* [WHAT NEEDS TO BE DONE]
Give back the data exactly, with no images.

* [DATA BELOW]

========

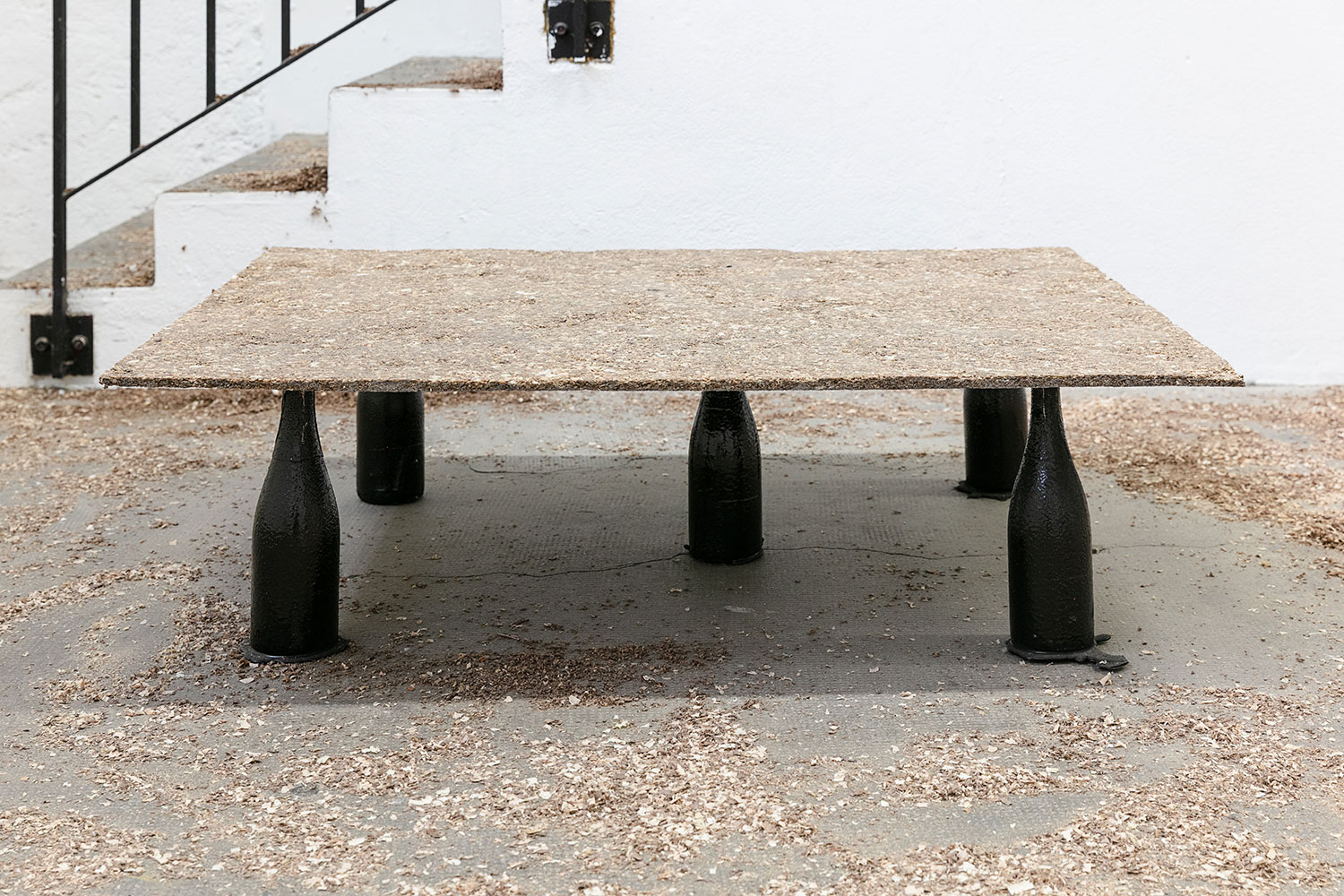 OLU OGUNNAIKE LOST ENDS, 2018 Wood dust, resin, charcoal, bottles, dimensions variable Courtesy the artist, Photo: Paul Nicoué
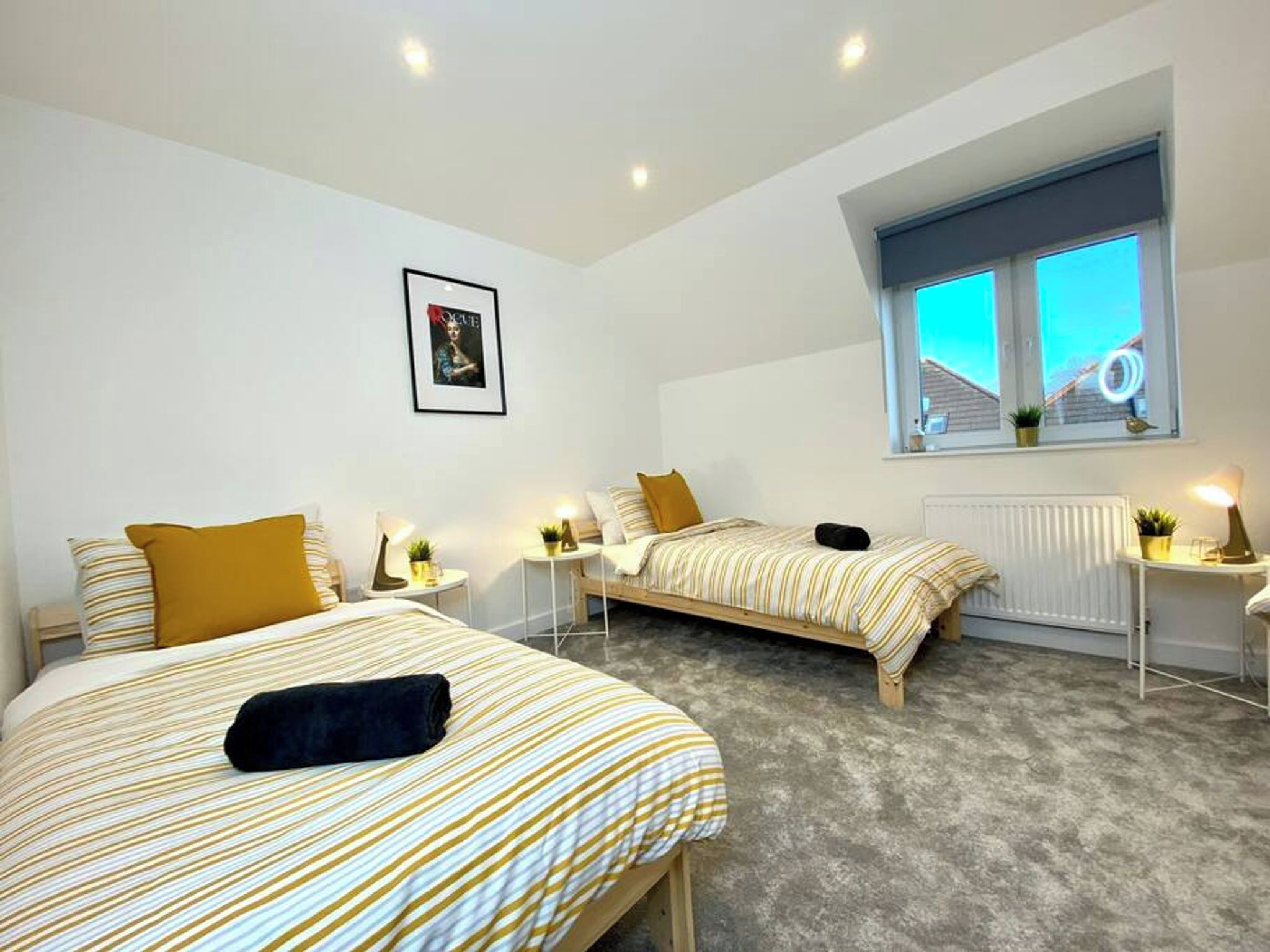 A bedroom with two beds, a window with a view, a radiator, and a framed picture on the wall.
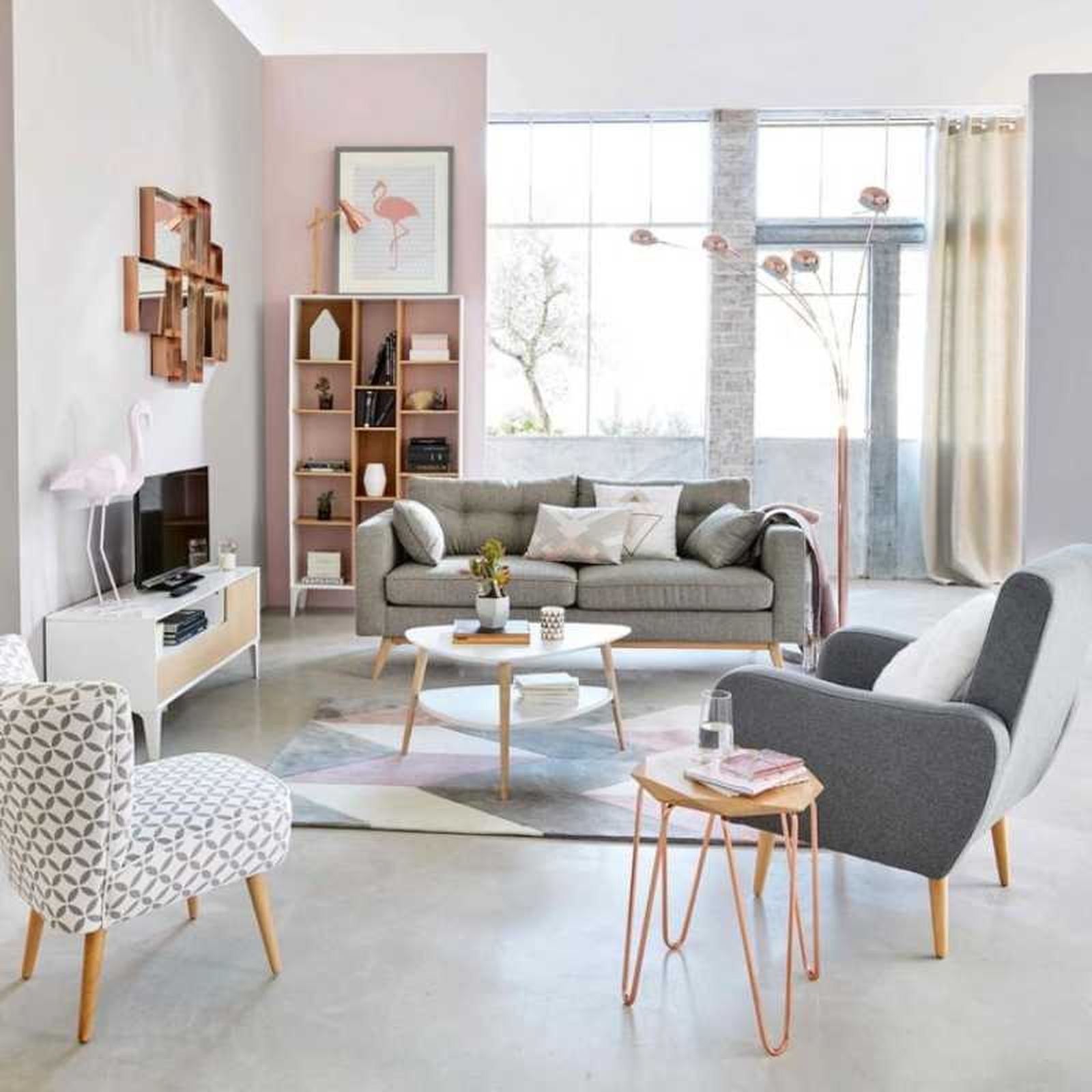 Salón con butacas de estilo escandinavo en gris y estampada. Salón con butacas de estilo escandinavo en gris y estampada.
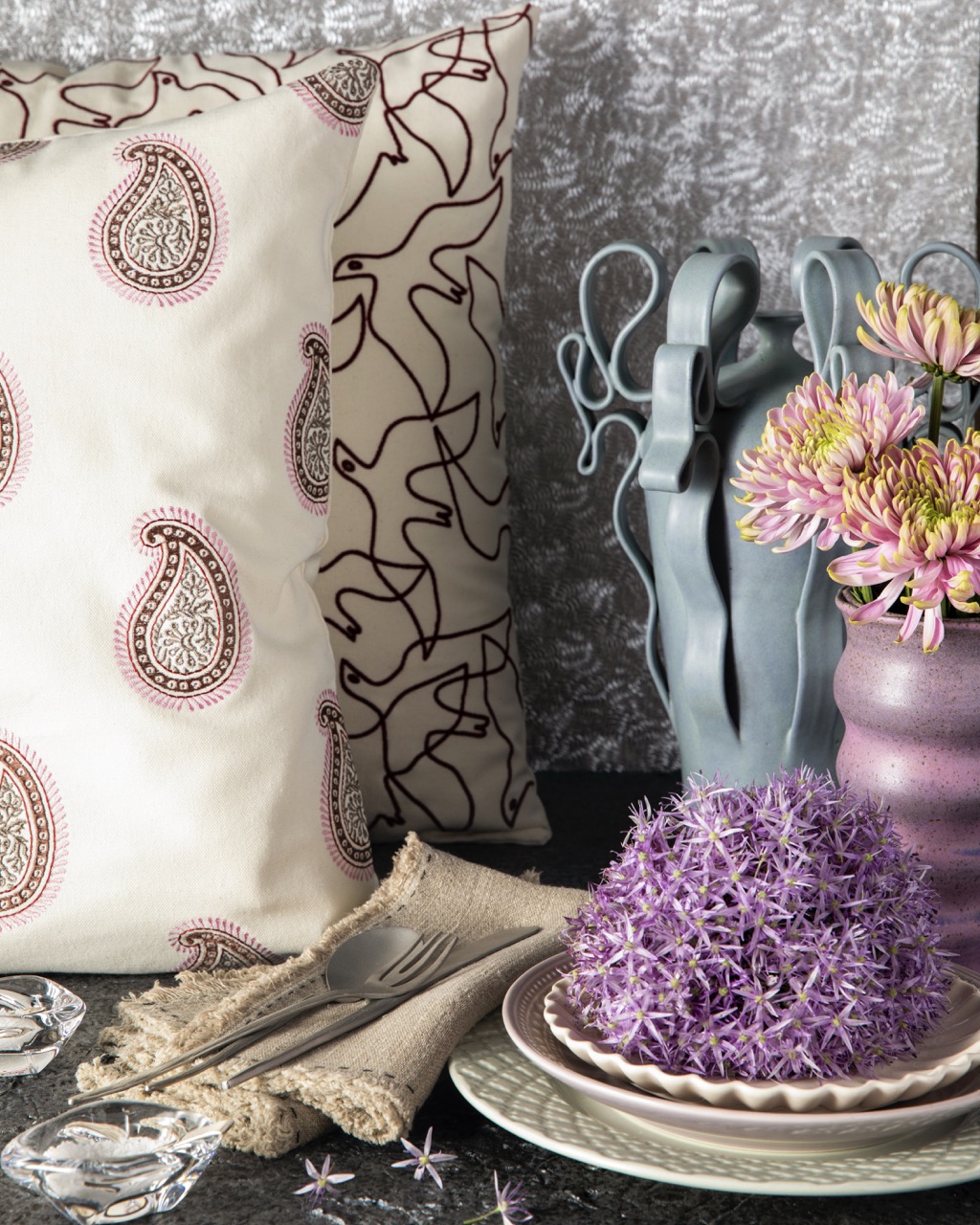 A paisley nostalgia pillow sits beside two funky, bright colored vases.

========

* [WORKED SOLUTION]
 OLU OGUNNAIKE LOST ENDS, 2018 Wood dust, resin, charcoal, bottles, dimensions variable Courtesy the artist, Photo: Paul Nicoué
 A bedroom with two beds, a window with a view, a radiator, and a framed picture on the wall.
 Salón con butacas de estilo escandinavo en gris y estampada. Salón con butacas de estilo escandinavo en gris y estampada.
 A paisley nostalgia pillow sits beside two funky, bright colored vases.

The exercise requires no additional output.